Lastly, let's delve into the utilization of Sedai in our operations. Our implementation of Sedai was characterized by its fully autonomous nature. While we didn't have access to the remarkable Lambda extensions that could have further mitigated cold starts, we managed to address the minor cold start challenges by leveraging provision concurrency. As a result, scaling issues, often associated with errors, became significantly reduced. The majority of our encountered errors stemmed from coding-related matters, such as overlooked code paths.

Consequently, the need for a dedicated team of SREs solely focusing on serverless operations diminished. We only had two SREs handling the remaining components within the monolith, while the serverless architecture required minimal attention. Weekly reviews of Sedai's performance and dashboards ensured efficient vertical and horizontal scaling. The release of intelligent metrics provided by Sedai were particularly intriguing, alerting us to any irregularities or concerns that warranted immediate attention. This empowered us to make well-informed decisions regarding release deployments.

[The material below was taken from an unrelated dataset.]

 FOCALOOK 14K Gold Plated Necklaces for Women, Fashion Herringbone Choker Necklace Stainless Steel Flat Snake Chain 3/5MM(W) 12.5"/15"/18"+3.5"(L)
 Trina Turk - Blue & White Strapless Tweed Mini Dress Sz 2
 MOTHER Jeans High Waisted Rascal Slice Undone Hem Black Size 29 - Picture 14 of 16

The serverless side of our workload witnessed a remarkable improvement of approximately 90%, specifically in terms of mundane tasks. This progress coincided with our transition away from Kubernetes and complete adoption of serverless infrastructure. This strategic shift brought about significant enhancements to our operations and overall productivity.

To summarize, FCIs play a vital role in today's landscape. The rise of autonomous management, regardless of infrastructure choices, signifies a progressive approach. By prioritizing failed customer interactions and implementing autonomous strategies, businesses can unlock remarkable enhancements in customer satisfaction and overall experience.

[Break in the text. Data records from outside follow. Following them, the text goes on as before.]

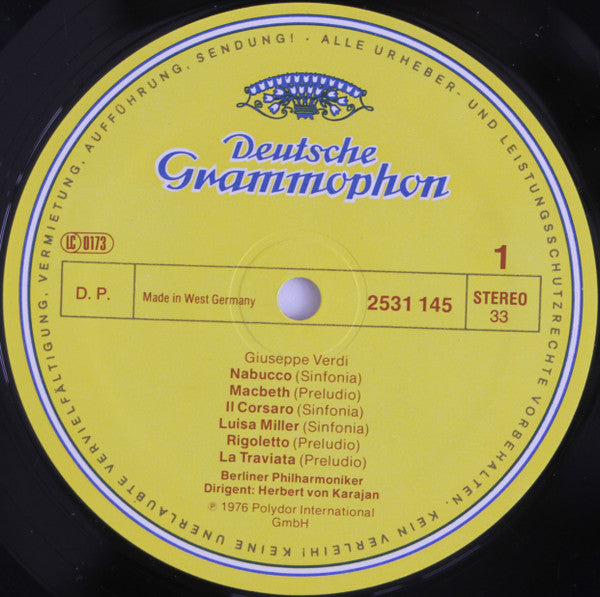 Verdi* - Herbert Von Karajan - Orchestre Philharmonique De Berlin* : Verdi - Ouvertüren (LP, Album)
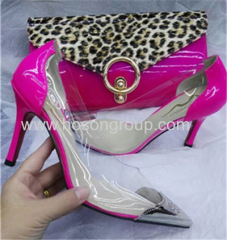 Leather and PVC high heel dress shoes and leopard handbags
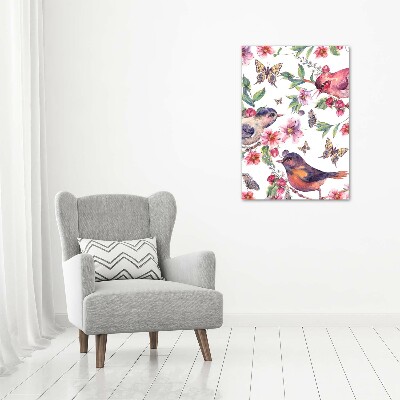 Fotografía en lienzo vertical Pájaros mariposas flores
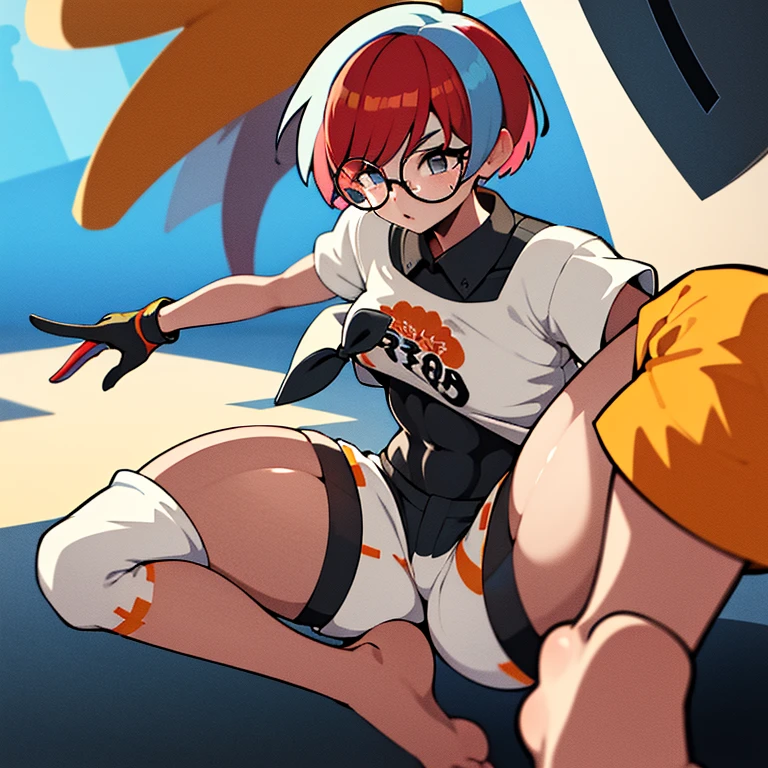 (masterpiece, absurdres, :1.2),dojo, standing, fighting stance, 1girl,solo, cell shading, best quality, extreme detail, perfect face, Penny, print shirt, tied shirt, black bodysuit, bodysuit under clothes, single glove, print shorts, knee pads, barefoot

Q: Could you provide an overview of how FCIs are defined and measured in terms of customer experience at a single step level?

A: Each microservice is owned by a scrum team, and they are responsible for tracking FCIs for their respective services. Each scrum team has a dedicated dashboard showing the number of FCIs they've had in a given week. Based on their priorities and plans for the next iteration, the team decides which FCIs to focus on and address. As a leader, I set quarterly goals for reducing FCIs, and everyone works towards achieving those targets. Datadog played a significant role in helping us effectively manage FCIs.

Q: You mentioned a 90% reduction in busy work. How was the saved time and resources reinvested?

A: Some of our Kubernetes specialists, realizing that Kubernetes wasn't the right fit for our needs, chose to pursue other opportunities, and we supported them in finding new roles. Instead of filling those positions, we hired additional development engineers for our scrum teams. I believe in empowering scrum teams with end-to-end ownership, including operations, and we embedded operations responsibilities within the teams. This allowed us to utilize the saved resources in enhancing team capabilities and overall efficiency.

Q: So, a shift towards embedding operations within the scrum teams?

A: Yes, precisely. Embedding operations within scrum teams is the right model, especially in a cloud environment. Operations, including aspects like cost management, became the responsibility of the scrum teams.